Dan Gluck, the ACLU’s legal director, said in a statement that Gillmor’s order “substantially changes what the city has been doing during its sweeps of homeless encampments. … If the city continues to conduct itself like it did in Kakaako in the last two months, it is subject to being held in contempt of court.”
Gilmor’s order applies to “tents, tarps, children’s toys, suitcases, laundry baskets, shelves/crates, backpacks, baby strollers/cribs, air compressors, recreational items like surfboards, bicycles, clothing, bedding, coolers, household goods and furniture.”
The city can “dispose of property that is wet, soiled, dirty, sharp or odorous only if such items are hazardous or are contaminated by mold or infested with insects, roaches, bedbugs, etc.,” Gillmor wrote. “(W)et tents must be stored unless they are hazardous due to a condition other than simply being wet.”

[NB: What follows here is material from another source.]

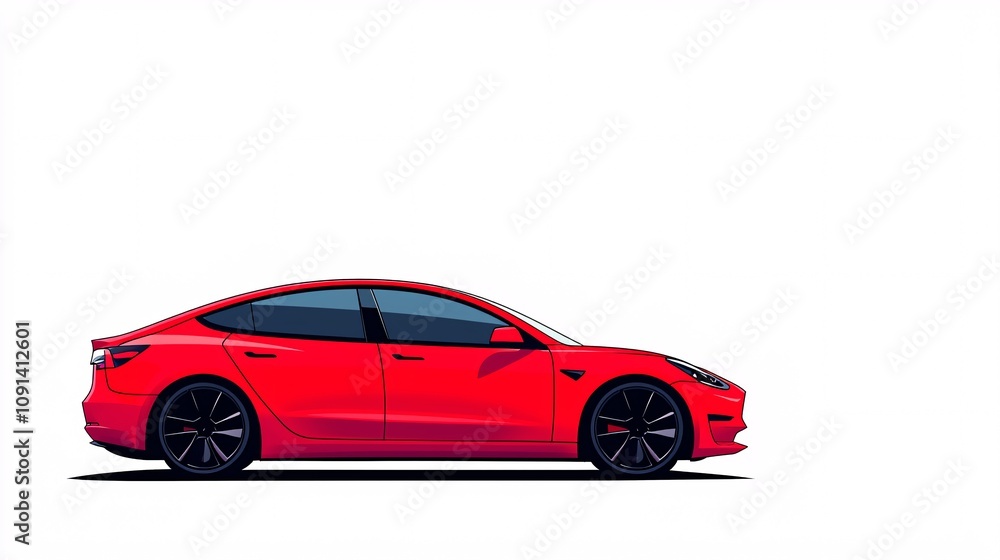 Obraz premium Stylish Red Sedan Illustration with Sleek Design on Flat Surface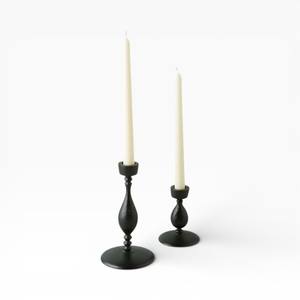Bougeoirs modernes en métal noir, paire avec design d'anneau incurvé pour un style d'intérieur contemporain - Product Image 2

Gillmor’s order followed a national media conference call Thursday morning in which U.S. Housing and Urban Development Secretary Julian Castro announced progress in reducing homelessness across the country.
Since 2010, when President Barack Obama launched what Castro called the “first-ever comprehensive strategy to prevent and end homelessness,” veteran homelessness has fallen by 36 percent; family homelessness dropped 19 percent and chronic homelessness declined 22 percent.
“Certain communities are making significant positive progress, while others are struggling in light of the widespread housing affordability crisis, budget shortages, or slow adoption of best practices,” Castro said in a statement.